# Word2vec Experiments using DCS

For a [Sanskrit parser project](https://github.com/kmadathil/sanskrit_parser) that I am collaborating on, we have been discussing and investigating different language models, and their applicability to parsing Sanskrit. I have been particularly interested in deep learning approaches for language modeling, such as Seq2Seq (+ attention), etc. A building block in many of these deep learning approaches is the embedding of words in a vector space using word2vec or GloVe. This notebook contains some of my experiments with word2vec using the Digital Corpus of Sanskrit to investigate the feasibility of using word2vec on just root words (prAtipadikas/dhAtus) in Sanskrit.

The DCS database is quite small from a deep learning perspective (about 30 MB if we count just the root words), so it was unclear how good the results would be or what to expect. (Spoiler - I was pleasantly surprised by the quality of the results obtained for a first pass).

## Import libraries and configure logging

In [1]:
from __future__ import print_function
import gensim
import logging
import codecs
import zipfile
import os
import itertools
import pprint
from indic_transliteration import sanscript

logging.basicConfig(format='%(asctime)s : %(levelname)s : %(message)s', 
                    level=logging.INFO)

Using Theano backend.


## Prepare the data
For this experiment, let us investigate the feasibility of using just the root words (ignoring the POS tags, which in Sanskrit would be vibhakti/vachana/puruSha/lakAra) for embedding. The DCS data has been preprocessed and saved as a csv file of the form:
id, sentence, roots
based on the annotations in the DCS database. Note that the database refers to half a shloka as a sentence in most cases, so this might not be a full sentence / vAkya.
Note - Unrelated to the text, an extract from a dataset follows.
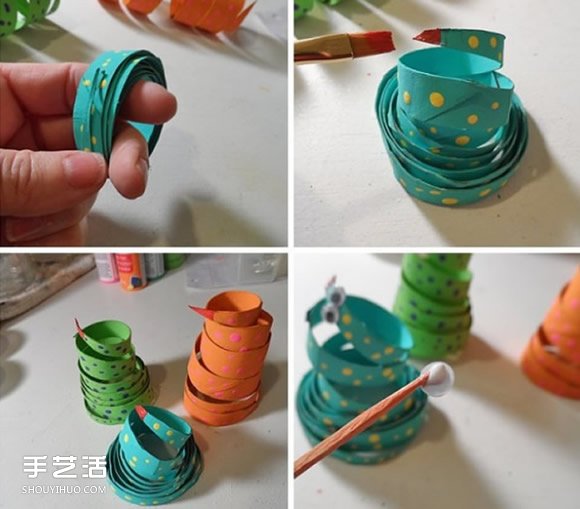 幼兒園小蛇手工制作教程 卷紙筒做玩具蛇的方法 -  rpnrmr.com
The file sent_roots.zip in the git repository has a zipped form of this file, which the next cell will unzip if necessary.

In [2]:
data_file = "sent_roots.csv"
if not os.path.exists(data_file):
    print("Extracting from zip file ...")
    with zipfile.ZipFile(os.path.splitext(data_file)[0] + ".zip", 'r') as myzip:
        myzip.extract(data_file)
    print("Done")
else:
    print(data_file, "already exists")

Extracting from zip file ...
Done


Word2vec only requires an iterator that yields one sentence at a time as a list of words as described in this [tutorial](https://rare-technologies.com/word2vec-tutorial/). Let us adapt the class given as an example there to our data.

In [3]:
class DCSSentences(object):
    def __init__(self, data_file):
        self.data_file = data_file
 
    def __iter__(self):
        with codecs.open(self.data_file, 'rb', "utf8") as f:
            for line in f:
                yield line.split(",")[-1].split()

In [4]:
# Look at first 10 sentence roots
sentences = DCSSentences(data_file)
pprint.pprint(list(itertools.islice(sentences, 10)))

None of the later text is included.